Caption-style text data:
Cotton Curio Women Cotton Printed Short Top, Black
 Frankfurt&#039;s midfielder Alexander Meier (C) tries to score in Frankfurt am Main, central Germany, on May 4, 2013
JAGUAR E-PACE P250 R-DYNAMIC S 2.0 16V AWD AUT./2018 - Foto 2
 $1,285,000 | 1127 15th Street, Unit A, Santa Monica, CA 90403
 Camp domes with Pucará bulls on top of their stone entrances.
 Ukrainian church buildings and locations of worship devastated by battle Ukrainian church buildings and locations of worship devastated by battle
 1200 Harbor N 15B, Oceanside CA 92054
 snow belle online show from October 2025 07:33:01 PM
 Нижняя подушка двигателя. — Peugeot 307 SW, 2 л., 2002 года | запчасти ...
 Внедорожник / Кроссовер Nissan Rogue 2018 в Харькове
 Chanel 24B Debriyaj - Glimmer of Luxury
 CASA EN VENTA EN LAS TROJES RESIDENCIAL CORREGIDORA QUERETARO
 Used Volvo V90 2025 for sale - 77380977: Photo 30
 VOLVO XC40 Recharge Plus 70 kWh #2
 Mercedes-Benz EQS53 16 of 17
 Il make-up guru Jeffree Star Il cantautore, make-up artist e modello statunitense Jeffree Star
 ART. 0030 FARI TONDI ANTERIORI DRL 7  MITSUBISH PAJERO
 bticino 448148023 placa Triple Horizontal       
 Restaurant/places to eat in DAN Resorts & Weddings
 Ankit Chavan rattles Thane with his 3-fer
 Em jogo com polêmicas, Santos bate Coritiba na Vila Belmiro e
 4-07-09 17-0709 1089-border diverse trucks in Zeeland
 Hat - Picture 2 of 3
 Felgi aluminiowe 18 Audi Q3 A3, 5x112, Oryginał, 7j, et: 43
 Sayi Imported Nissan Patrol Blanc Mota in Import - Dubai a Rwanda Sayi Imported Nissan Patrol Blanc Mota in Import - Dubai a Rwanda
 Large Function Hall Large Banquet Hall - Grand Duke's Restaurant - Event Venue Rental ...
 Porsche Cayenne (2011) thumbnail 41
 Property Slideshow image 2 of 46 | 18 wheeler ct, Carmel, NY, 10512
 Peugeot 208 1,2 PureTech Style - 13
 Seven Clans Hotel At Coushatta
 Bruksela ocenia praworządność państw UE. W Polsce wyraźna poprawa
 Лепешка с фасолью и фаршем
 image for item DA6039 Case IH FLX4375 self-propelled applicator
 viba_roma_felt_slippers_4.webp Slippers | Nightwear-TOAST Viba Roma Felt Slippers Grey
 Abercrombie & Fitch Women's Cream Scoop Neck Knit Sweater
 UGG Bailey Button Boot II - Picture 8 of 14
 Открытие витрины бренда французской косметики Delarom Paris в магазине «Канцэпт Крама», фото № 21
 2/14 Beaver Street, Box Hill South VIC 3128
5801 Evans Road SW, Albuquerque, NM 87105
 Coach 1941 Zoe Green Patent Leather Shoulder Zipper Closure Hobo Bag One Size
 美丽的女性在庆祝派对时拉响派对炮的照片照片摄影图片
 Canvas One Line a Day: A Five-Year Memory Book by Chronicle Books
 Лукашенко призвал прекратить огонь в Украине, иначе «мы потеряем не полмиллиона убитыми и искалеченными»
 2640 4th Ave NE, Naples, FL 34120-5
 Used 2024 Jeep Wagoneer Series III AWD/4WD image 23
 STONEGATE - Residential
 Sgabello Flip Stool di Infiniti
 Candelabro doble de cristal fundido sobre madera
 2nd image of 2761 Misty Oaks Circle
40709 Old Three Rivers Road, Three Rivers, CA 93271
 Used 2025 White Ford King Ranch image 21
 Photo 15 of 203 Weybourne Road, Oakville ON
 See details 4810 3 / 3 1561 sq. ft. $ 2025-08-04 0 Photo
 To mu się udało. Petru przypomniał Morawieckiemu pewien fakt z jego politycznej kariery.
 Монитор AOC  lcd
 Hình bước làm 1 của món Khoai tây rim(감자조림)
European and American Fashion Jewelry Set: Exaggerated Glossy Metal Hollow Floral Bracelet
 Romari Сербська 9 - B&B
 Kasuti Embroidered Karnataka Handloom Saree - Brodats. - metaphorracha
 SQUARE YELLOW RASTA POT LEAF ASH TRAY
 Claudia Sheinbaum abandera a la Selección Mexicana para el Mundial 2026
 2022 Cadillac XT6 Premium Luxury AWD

Your assignment:
Locate the word "Restaurant" in the data above. Copy every line carrying it.

Written solution:
 Restaurant/places to eat in DAN Resorts & Weddings
 Large Function Hall Large Banquet Hall - Grand Duke's Restaurant - Event Venue Rental ...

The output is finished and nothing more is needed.